IndirectReferenceTable对象中的max_entries_用于记录引用表的引用个数上限:

  • JavaVM对象的IndirectReferenceTable引用表的引用个数上限等于51200个,不可扩容
  • JNIEnv对象的IndirectReferenceTable引用表的引用个数上限等于512个,可扩容

二、global reference管理

先来看看gloabl reference的添加引用和移除引用的过程。

2.1 添加引用

2.1.1 NewGlobalRef

[-> jni_internal.cc]

static jobject NewGlobalRef(JNIEnv* env, jobject obj) {
  ScopedObjectAccess soa(env);
  ObjPtr<mirror::Object> decoded_obj = soa.Decode<mirror::Object>(obj);
  return soa.Vm()->AddGlobalRef(soa.Self(), decoded_obj); //【小节2.1.2】
}

JNIEnv的NewGlobalRef过程主要实现是调用所在的JavaVM的AddGlobalRef来添加全局引用。

2.1.2 AddGlobalRef

[-> java_vm_ext.cc]

jobject JavaVMExt::AddGlobalRef(Thread* self, ObjPtr<mirror::Object> obj) {
  if (obj == nullptr) {
    return nullptr;
  }
  IndirectRef ref;
  std::string error_msg;
  {
    WriterMutexLock mu(self, *Locks::jni_globals_lock_);
    //obj加入全局引用表【小节2.1.3】
    ref = globals_.Add(kIRTFirstSegment, obj, &error_msg);
  }
  return reinterpret_cast<jobject>(ref);
}

此处globals_的数据类型为IndirectReferenceTable,是JavaVMExt对象的成员变量。

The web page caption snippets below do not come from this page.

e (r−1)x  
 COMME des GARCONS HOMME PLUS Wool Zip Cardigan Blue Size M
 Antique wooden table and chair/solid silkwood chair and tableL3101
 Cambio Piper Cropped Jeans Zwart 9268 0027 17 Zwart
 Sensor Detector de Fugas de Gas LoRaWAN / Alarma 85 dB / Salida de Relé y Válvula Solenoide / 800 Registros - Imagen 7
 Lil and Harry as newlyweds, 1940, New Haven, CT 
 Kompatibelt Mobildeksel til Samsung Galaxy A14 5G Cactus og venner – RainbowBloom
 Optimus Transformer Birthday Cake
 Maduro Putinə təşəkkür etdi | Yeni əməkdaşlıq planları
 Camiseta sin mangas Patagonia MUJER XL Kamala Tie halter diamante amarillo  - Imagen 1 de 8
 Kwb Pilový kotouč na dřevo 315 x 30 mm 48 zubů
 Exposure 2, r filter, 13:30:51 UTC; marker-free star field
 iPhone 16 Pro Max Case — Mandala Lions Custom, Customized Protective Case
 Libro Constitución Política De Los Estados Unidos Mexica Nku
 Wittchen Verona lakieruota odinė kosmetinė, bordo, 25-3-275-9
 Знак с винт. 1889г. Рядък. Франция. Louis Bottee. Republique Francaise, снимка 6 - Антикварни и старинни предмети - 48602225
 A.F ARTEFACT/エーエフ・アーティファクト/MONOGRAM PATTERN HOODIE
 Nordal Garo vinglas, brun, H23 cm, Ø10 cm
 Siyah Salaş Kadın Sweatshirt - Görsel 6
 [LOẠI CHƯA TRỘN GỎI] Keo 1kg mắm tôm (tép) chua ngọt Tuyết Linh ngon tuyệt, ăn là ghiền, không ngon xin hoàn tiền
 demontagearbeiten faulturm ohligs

2.1.3 IndirectReferenceTable.Add

[-> indirect_reference_table.cc]

IndirectRef IndirectReferenceTable::Add(IRTSegmentState previous_state,
                                        ObjPtr<mirror::Object> obj,
                                        std::string* error_msg) {
  size_t top_index = segment_state_.top_index;
  if (top_index == max_entries_) { 
     //当引用个数达到上限,且不允许扩容的情况下,则直接返回
    if (resizable_ == ResizableCapacity::kNo) {
      std::ostringstream oss;
      oss << "JNI ERROR (app bug): " << kind_ << " table overflow "
          << "(max=" << max_entries_ << ")"
          << MutatorLockedDumpable<IndirectReferenceTable>(*this);
      *error_msg = oss.str();
      return nullptr;
    }

    ...
    // 对于允许扩容的情况下,尝试将容量翻倍
    std::string inner_error_msg;
    if (!Resize(max_entries_ * 2, &inner_error_msg)) {
      std::ostringstream oss;
      oss << "JNI ERROR (app bug): " << kind_ << " table overflow "
          << "(max=" << max_entries_ << ")" << std::endl
          << MutatorLockedDumpable<IndirectReferenceTable>(*this)
          << " Resizing failed: " << inner_error_msg;
      *error_msg = oss.str();
      return nullptr;
    }
  }
  ...
  
  IndirectRef result;
  size_t index;
  //当存在可用的空槽时,从table_顶部往下开始遍历查找,直到找到空槽为止
  if (current_num_holes_ > 0) {
    IrtEntry* p_scan = &table_[top_index - 1];
    --p_scan;
    while (!p_scan->GetReference()->IsNull()) {
      DCHECK_GE(p_scan, table_ + previous_state.top_index);
      --p_scan;
    }
    index = p_scan - table_; //找到目标空槽
    current_num_holes_--;  //可用空槽个数减一
  } else {
    index = top_index++;  //若没有空槽,则添加到队尾
    segment_state_.top_index = top_index; 
  }
  table_[index].Add(obj);
  result = ToIndirectRef(index);
  return result;
}

向IndirectReferenceTable表中添加全局引用的过程是不允许扩容的,保证引用个数小于上限,否则记录将JNI ERROR的信息记录在error_msg,并直接返回nullptr。接着需要查找reference所归属的槽位。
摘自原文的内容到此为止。